Star Wars: The Rise of Skywalker – Original Motion Picture Soundtrack is the film score to the 2019 film of the same name composed and conducted by John Williams. The soundtrack album was released in both digital formats and digipak CD by Walt Disney Records on December 18 and 20, 2019 respectively. It is his final soundtrack for the franchise; shortly before the sessions began, Williams announced that he would be retiring from Star Wars after over 40 years as its musical heart. The score won Williams a Saturn Award for Best Music.

Overview
On January 10, 2018, it was confirmed that John Williams would return to compose and conduct The Rise of Skywalker. The next month, Williams announced that it would be the last Star Wars film for which he would compose the score. In August 2019, at Tanglewood's Film Night, Williams revealed that scoring sessions were underway and that 80% of the music for Episode IX had been recorded and that an additional 40 minutes would be recorded at the request of director J. J. Abrams.
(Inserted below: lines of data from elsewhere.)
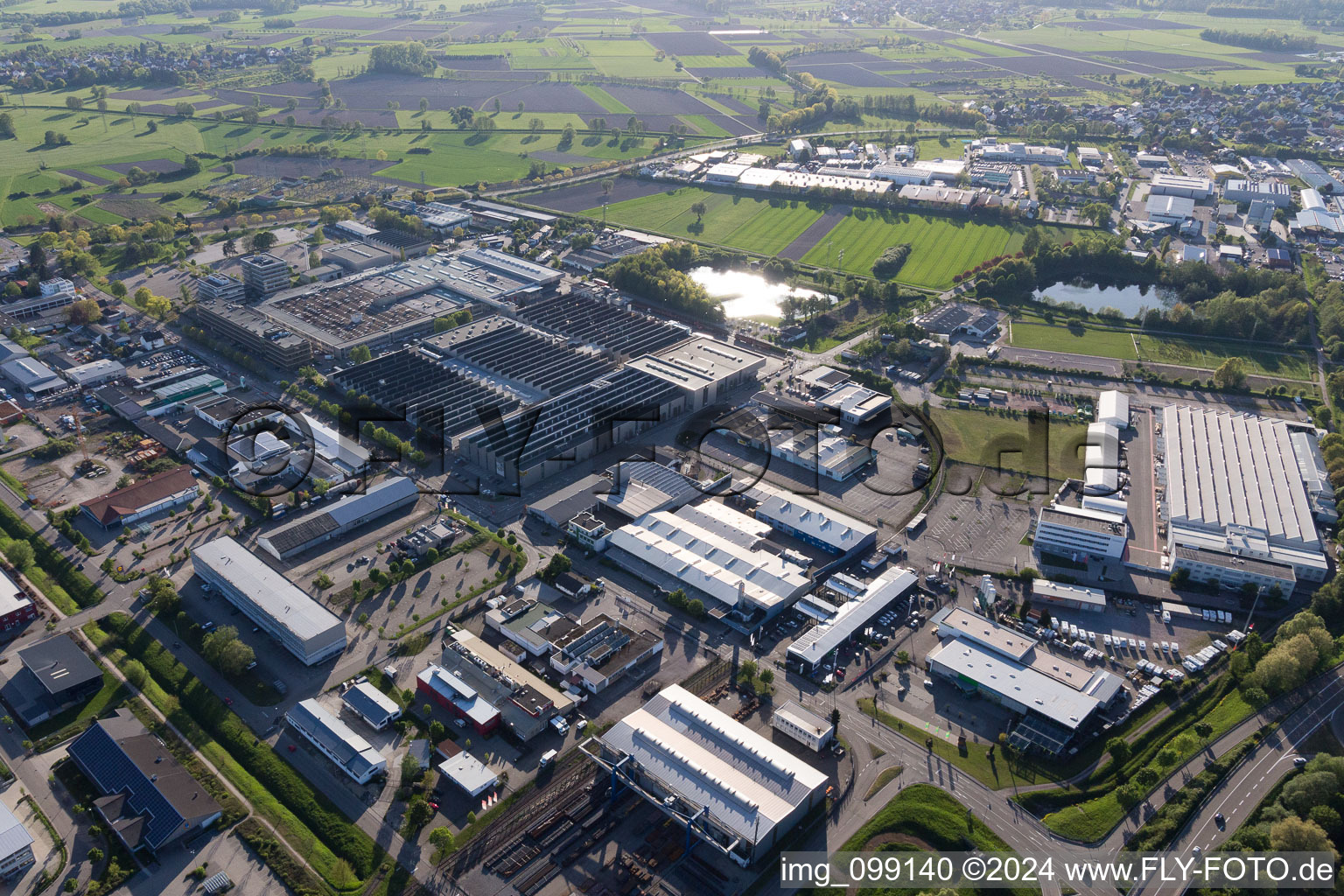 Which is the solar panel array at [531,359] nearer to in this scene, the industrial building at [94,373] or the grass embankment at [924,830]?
the industrial building at [94,373]

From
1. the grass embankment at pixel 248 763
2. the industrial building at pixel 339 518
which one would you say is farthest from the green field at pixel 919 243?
the grass embankment at pixel 248 763

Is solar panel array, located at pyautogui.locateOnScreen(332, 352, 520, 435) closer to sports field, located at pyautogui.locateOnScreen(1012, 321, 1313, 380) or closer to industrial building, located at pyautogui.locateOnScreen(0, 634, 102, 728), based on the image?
industrial building, located at pyautogui.locateOnScreen(0, 634, 102, 728)

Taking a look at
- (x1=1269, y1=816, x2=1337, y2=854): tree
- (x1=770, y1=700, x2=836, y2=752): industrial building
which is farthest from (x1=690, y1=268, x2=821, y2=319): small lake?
(x1=1269, y1=816, x2=1337, y2=854): tree

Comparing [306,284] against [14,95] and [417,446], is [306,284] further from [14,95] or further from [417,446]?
[14,95]

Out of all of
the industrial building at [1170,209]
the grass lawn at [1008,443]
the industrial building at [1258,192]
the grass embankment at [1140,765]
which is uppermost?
the industrial building at [1258,192]

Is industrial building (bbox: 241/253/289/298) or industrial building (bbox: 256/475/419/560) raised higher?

Recording of the score had begun in mid-July at Sony Pictures Studios' Barbra Streisand Scoring Stage in Culver City, but ended up requiring as many as 11 sessions scattered over a five-month period. Williams conducted the sessions himself, recording over three hours of music which consisted of new material and revisions of previous themes. Speaking about the recording process, he said that "It was a wonderful way to spend six or eight months...and for being grateful for having the energy and interest to work with the orchestra, which was very lovely." William Ross assisted with orchestrations, while mixing was handled by sound engineer Shawn Murphy. Like the previous sequel trilogy films, it was recorded with a 102-piece freelance orchestra together with a 100-voice Los Angeles Master Chorale. The final day of recording occurred on November 18, 2019, with many of the cast and executives present, such as Star Wars actors Mark Hamill, Daisy Ridley, Kelly Marie Tran and frequent collaborator Steven Spielberg.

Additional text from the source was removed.